# Use of derivatives to find coordinates

1. Feb 27, 2013

### Elihu5991

1. The problem statement, all variables and given/known data
Find the coordinates of the point(s) on the following curves where the second derivative is as stated.

2. Relevant equations
$y= \frac{x^3}{12} and \frac{d^{2}y}{dx^{2}} = 1.5$

3. The attempt at a solution
I'm used to working with the first derivative. Would I need to use integration to convert the function to the first derivative then treat it like a usual gradient - derivative = gradient? If I do need to continue to work with the second derivative, could I receive some hints on how?

2. Feb 27, 2013

### MathematicalPhysicist

Well you just need to calculate y'' explicitly and then find x such that y''=1.5.

3. Feb 27, 2013

### Elihu5991

Yeah it does seem to be the case. Though I'm getting really large numbers. I'm using the quotient rule twice to differentiate. Is that correct?

4. Feb 27, 2013

### Staff: Mentor

You're making this problem much more difficult than it actually is. For your function you should NOT use the quotient rule. It's not wrong to do so, but it's a more complicated method that is more likely to lead to errors.

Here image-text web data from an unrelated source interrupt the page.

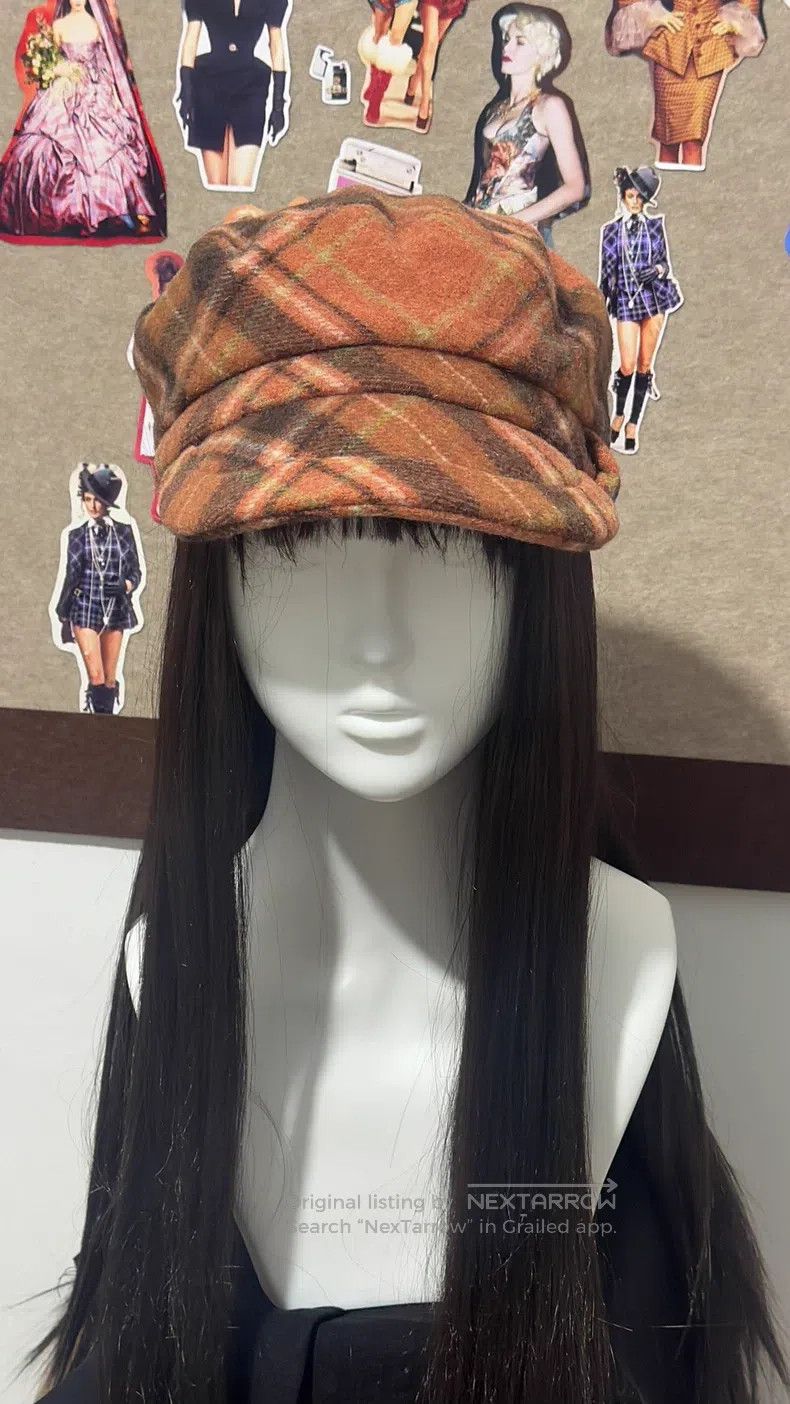 Vivienne Westwood Vivienne Westwood Out-of-Print Orange Plaid Newsboy Hat Size ONE SIZE - 2 Thumbnail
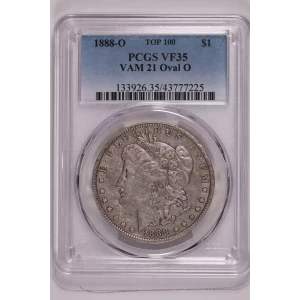 1888-O $1 VAM 21 Oval O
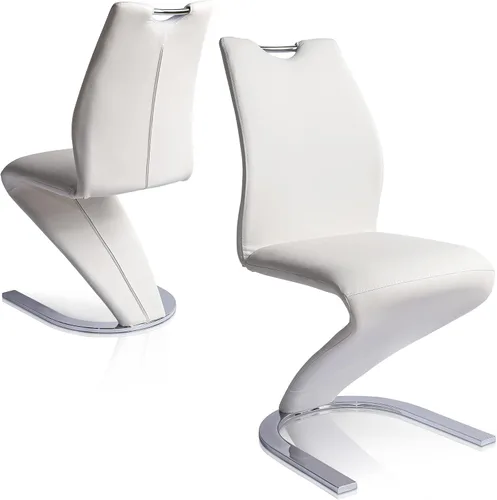 Miniatura 12 de ZckyCine Silla de comedor de piel sintética, silla de sala de estar, moderna silla auxiliar sin brazos de cocina con patas de metal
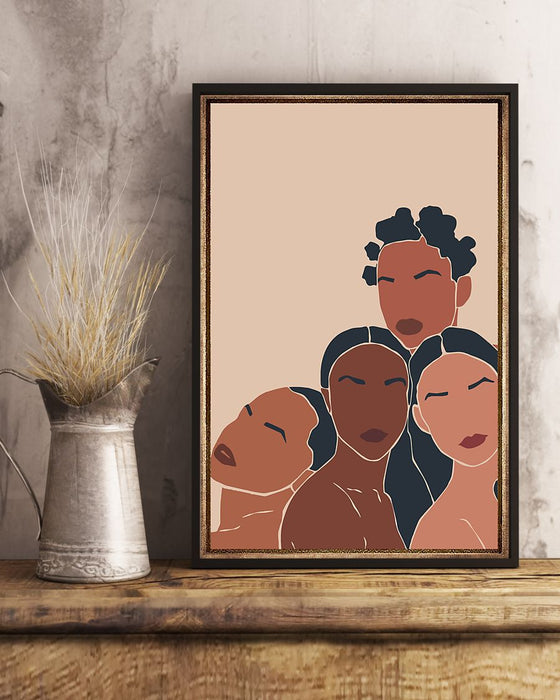 African - Black Art - Black Sisterhood 4 Vertical Canvas And Poster | Wall Decor Visual Art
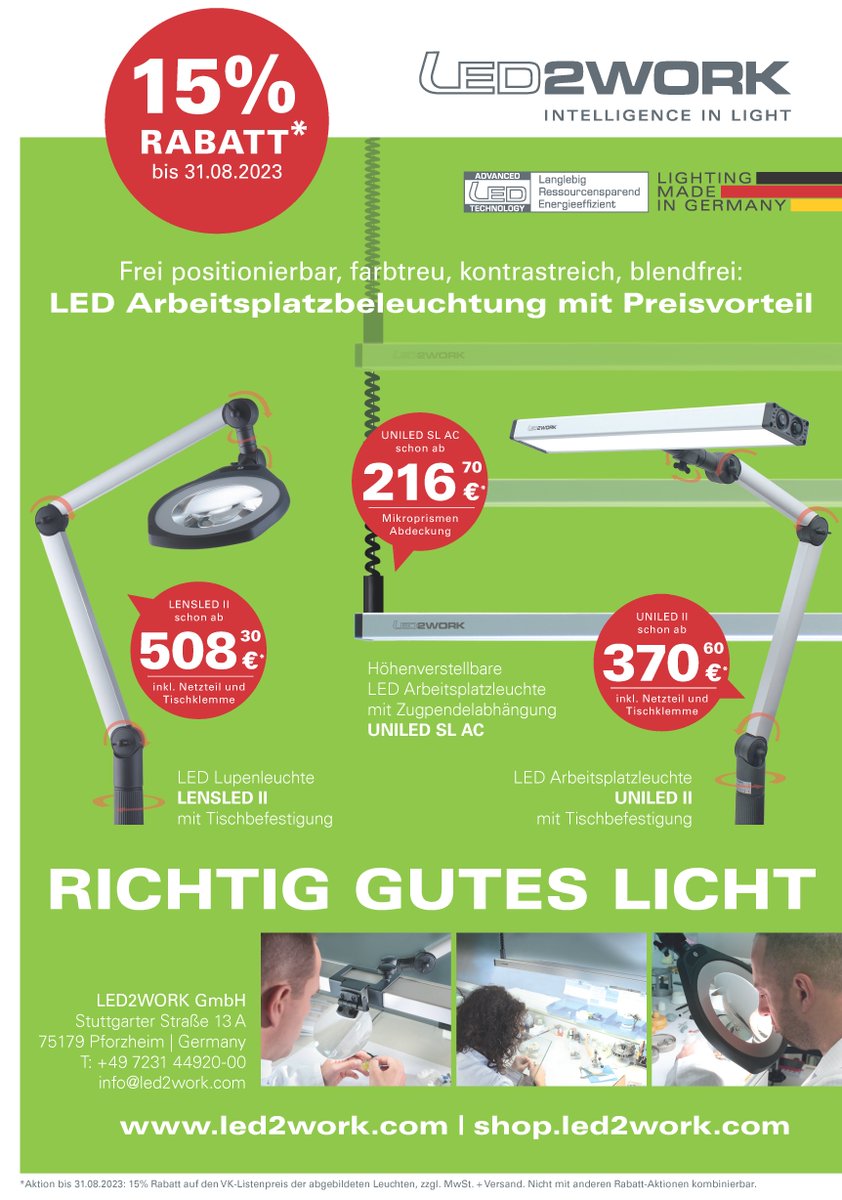 🎉💡 15% Rabatt auf LED Arbeitsplatzbeleuchtung - Jetzt zugreifen! - mailchi.mp/led2work/15-ra…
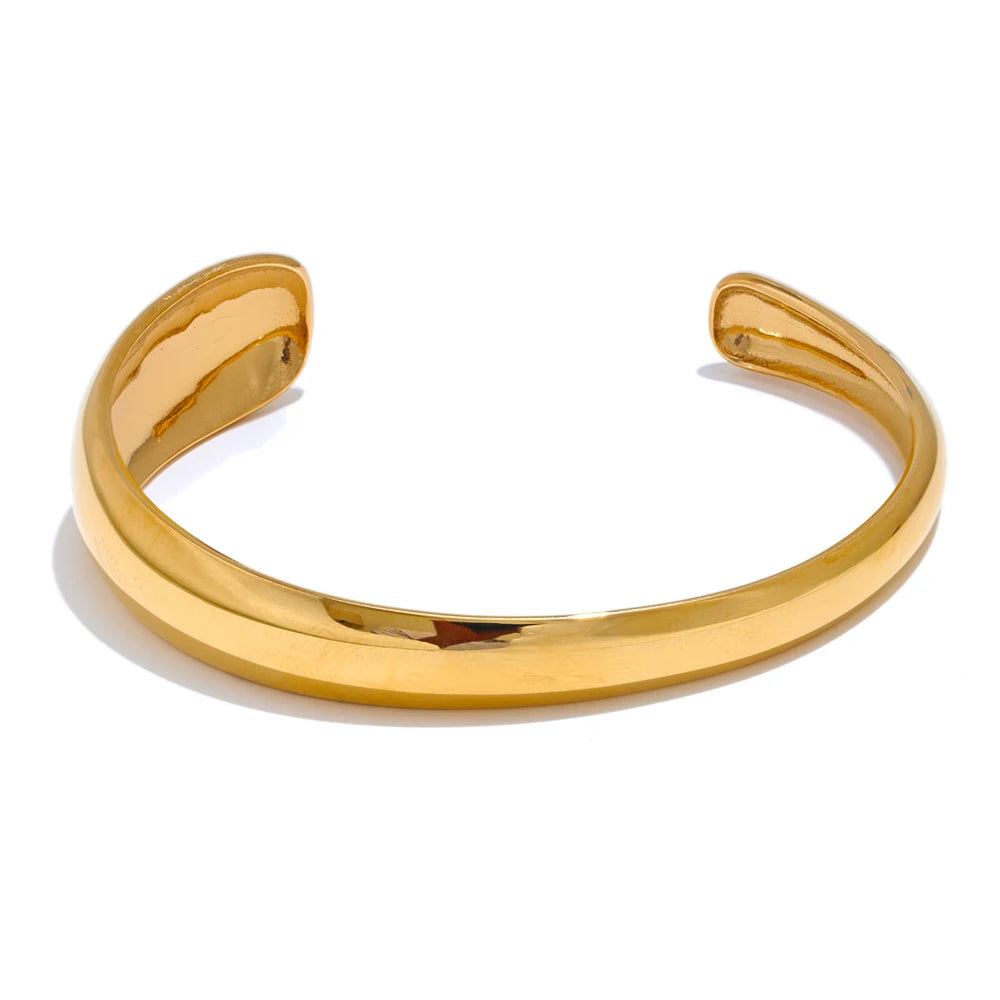 Elbe rund åben armring, armbånd, tåler vand, rustfrit stål 316L med guld- eller sølvfarvet PVD-belægning, Lark & Reed, billede 8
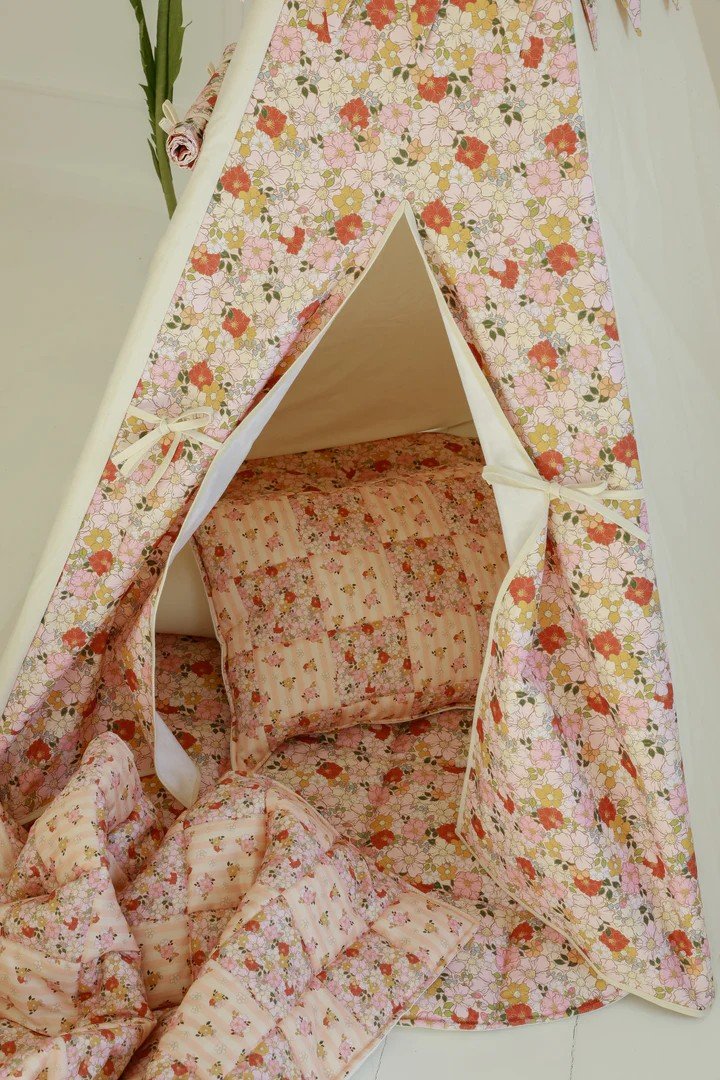 3. Interior view of floral teepee tent showing matching cushion and floor mat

You should never use the quotient rule to differentiate a quotient with a constant in the denominator. Instead write the function as (1/k) * f(x) and use the constant multiple rule.

d/dx(1/k * f(x)) = 1/k * f'(x)

The same thinking holds for functions of the form y = k * f(x). Although this is a product, the natural tendency would be to use the product rule. The easier rule to use would be the constant multiple rule here as well.

5. Feb 28, 2013

### Elihu5991

Yeah that's true. I'm known for unintentionally doing so.

From what I'm gathering I write it like this: $\frac{x^{3}}{12}$ to $x^{3}12^{-1}$ and then go from their by normally differentiating twice over to get the second derivative - consequently finding x for the coordinate to substitute into the original to get the y for the final coordinates?

6. Feb 28, 2013

### HallsofIvy

Staff Emeritus
Why in the world write (1/12) as $12^{-1}$? Surely you know that (Cf(x))'= Cf'(x) for any constant C? Just differentiate $x^3$ twice and divide that by 12.